Metropolitan News-Enterprise

 

Tuesday, June 21, 2011

 

Page 3

 

Former McGuire Woods Partner Sentenced on Tax Charge

 

By a MetNews Staff Writer

 

An attorney who was a partner in the Century City offices of a national law firm was placed on probation for two years yesterday for interfering with efforts by the Internal Revenue Service to collect well over $100,000 in federal income taxes the lawyer had not paid.

U.S. District Judge George H. Wu sentenced Michelle Renee Walker, 42, to the probationary term, which includes six months of home detention and 20 hours per month of community service until she finds employment, Assistant U.S. Attorney Stephen A. Cazares told the MetNews.

Cazares declined to comment on the appropriateness of the sentence, although the government had recommended that Walker serve five months in custody, in addition to a term of house arrest. The statutory maximum would have been three years in prison.

 Walker pled guilty in March to interfering with the administration of the IRS, specifically admitting that she provided her law firm, McGuire Woods in Century City, with a falsified IRS document. The bogus document purported to lift a levy the IRS had placed on partnership payments from the law firm to Walker.

Walker resigned from the law firm, which cooperated with the investigation by the Department of the Treasury.  By pleading guilty, the prosecutor previously explained, Walker admitted that she owed federal income taxes for the tax years 2006 through 2008, and that the unpaid taxes totaled more than $110,000 by February 2010.
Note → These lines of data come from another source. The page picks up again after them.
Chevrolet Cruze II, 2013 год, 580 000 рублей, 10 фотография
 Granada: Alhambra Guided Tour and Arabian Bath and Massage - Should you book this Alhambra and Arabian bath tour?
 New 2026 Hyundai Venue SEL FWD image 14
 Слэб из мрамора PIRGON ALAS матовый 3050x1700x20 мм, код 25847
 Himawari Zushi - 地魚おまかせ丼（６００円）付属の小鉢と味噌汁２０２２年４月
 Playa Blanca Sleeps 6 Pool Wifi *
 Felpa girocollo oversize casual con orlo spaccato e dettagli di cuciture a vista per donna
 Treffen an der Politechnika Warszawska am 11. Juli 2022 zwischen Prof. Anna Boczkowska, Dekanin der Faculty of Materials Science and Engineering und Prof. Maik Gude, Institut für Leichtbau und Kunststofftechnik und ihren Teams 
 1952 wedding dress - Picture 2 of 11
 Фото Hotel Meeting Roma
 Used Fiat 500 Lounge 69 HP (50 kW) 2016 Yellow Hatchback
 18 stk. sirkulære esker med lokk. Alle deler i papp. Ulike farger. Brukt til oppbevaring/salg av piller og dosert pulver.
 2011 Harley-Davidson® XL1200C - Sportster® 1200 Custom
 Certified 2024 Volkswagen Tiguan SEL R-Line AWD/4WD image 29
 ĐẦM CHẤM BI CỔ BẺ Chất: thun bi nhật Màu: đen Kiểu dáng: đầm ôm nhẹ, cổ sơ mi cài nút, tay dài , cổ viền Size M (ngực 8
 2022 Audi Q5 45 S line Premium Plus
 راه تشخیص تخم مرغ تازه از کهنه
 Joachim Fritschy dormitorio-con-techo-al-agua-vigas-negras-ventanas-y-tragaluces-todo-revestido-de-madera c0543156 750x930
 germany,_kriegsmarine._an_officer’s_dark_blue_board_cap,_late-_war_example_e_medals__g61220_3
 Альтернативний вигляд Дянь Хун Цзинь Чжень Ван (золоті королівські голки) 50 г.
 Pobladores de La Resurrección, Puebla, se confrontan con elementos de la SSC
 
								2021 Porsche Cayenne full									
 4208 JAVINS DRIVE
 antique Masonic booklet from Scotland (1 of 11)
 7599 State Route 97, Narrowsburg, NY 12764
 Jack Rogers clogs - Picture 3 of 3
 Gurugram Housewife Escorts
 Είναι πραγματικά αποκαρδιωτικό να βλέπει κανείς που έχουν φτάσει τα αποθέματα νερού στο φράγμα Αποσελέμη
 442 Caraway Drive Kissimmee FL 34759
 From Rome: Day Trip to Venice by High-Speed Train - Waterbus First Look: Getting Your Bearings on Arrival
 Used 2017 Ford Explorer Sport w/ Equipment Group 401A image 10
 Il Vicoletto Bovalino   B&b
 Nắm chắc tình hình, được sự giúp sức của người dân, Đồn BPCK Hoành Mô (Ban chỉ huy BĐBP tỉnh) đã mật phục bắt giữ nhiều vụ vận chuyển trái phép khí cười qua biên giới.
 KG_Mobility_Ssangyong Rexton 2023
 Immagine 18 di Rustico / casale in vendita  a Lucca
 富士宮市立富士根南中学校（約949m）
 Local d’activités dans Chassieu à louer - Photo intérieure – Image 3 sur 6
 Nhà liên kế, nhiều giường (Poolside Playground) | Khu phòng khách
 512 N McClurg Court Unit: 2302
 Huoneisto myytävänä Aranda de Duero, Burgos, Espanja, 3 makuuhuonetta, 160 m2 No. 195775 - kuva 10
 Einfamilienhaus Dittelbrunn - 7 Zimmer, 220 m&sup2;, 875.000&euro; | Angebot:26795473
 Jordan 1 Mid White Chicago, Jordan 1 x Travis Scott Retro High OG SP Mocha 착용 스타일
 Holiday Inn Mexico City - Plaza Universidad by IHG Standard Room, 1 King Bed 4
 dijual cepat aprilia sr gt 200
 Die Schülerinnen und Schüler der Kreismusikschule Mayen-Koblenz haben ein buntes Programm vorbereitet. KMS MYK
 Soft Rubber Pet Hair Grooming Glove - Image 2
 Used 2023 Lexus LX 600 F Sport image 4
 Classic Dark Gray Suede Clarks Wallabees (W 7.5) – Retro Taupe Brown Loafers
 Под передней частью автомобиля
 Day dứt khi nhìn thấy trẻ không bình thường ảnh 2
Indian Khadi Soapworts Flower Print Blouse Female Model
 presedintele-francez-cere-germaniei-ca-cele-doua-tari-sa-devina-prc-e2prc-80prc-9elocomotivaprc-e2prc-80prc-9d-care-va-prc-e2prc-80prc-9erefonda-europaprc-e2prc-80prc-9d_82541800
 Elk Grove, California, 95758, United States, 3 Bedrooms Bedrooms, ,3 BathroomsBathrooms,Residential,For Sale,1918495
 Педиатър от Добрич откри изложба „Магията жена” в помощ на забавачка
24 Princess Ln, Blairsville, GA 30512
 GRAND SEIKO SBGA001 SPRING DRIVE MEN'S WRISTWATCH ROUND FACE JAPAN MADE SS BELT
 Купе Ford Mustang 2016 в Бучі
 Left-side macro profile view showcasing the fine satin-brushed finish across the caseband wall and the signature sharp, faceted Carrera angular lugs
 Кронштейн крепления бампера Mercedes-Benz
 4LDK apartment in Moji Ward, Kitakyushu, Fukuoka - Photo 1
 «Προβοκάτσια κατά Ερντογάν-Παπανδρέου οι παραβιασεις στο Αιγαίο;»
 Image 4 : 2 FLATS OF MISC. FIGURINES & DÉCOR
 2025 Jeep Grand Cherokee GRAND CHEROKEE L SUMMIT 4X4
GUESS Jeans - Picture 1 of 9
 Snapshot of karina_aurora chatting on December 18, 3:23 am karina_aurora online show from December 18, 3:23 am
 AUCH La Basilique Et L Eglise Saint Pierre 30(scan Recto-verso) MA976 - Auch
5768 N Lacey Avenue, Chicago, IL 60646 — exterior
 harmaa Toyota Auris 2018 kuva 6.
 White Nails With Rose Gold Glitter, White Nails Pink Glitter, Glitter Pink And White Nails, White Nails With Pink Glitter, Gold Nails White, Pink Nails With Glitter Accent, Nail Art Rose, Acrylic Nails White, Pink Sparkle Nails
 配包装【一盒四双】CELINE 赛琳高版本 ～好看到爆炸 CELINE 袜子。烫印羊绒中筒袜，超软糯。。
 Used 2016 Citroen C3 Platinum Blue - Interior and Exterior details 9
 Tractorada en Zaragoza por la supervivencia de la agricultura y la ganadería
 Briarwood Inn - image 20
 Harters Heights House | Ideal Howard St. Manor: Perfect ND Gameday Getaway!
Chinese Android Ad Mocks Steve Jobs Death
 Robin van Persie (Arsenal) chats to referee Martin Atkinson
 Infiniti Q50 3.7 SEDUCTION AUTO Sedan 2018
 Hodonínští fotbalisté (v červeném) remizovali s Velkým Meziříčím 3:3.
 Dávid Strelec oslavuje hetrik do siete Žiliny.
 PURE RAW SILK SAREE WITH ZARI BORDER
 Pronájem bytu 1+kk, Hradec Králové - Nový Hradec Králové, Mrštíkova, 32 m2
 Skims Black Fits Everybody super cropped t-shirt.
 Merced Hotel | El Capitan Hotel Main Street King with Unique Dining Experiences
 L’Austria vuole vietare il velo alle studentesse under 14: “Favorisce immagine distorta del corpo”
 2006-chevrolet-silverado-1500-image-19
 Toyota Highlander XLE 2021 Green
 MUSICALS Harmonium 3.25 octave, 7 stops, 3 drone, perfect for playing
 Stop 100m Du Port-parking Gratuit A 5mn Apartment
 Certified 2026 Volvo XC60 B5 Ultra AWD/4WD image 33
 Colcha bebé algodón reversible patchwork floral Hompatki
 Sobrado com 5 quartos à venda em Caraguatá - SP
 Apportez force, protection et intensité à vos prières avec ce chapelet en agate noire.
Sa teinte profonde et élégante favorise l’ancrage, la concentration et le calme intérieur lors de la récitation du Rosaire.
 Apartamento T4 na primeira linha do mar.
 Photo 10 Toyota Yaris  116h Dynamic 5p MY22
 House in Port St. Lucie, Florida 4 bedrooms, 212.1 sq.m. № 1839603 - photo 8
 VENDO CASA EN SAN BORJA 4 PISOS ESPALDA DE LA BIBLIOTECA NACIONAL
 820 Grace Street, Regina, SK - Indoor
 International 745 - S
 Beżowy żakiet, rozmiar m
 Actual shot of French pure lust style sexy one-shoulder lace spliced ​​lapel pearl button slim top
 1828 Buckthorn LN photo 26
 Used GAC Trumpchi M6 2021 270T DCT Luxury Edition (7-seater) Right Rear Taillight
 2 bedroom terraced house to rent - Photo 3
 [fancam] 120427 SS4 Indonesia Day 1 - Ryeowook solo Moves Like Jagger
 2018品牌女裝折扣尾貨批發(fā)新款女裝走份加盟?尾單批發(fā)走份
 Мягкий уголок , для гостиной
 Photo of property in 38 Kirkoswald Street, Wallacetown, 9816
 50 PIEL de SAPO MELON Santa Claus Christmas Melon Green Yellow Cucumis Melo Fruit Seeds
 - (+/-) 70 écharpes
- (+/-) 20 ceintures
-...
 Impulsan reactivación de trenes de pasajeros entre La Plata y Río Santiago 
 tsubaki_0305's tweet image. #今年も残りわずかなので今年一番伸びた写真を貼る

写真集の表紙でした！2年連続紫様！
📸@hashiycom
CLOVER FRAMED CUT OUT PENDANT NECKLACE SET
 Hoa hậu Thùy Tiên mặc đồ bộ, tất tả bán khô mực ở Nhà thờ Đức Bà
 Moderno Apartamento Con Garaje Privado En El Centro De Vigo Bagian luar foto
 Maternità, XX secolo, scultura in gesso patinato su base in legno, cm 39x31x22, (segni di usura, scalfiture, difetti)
After the IRS served the law firm with a levy to collect any partnership payments to the attorney, Walker provided the firm’s general counsel with a phony IRS form that purported to release the tax levy. The form appeared to have been signed by an IRS employee.

Walker’s lawyer, Deputy Federal Public Defender Chase Scolnick, did not return a phone call seeking comment.

State Bar records show Walker, a graduate of the University of Illinois and Pepperdine University School of Law, was admitted to the State Bar in 1993. She has no prior record of discipline, but was placed on interim suspension this past Friday as a result of the conviction.

Conviction of a felony involving moral turpitude is punishable by summary disbarment under the Rules of Professional Conduct.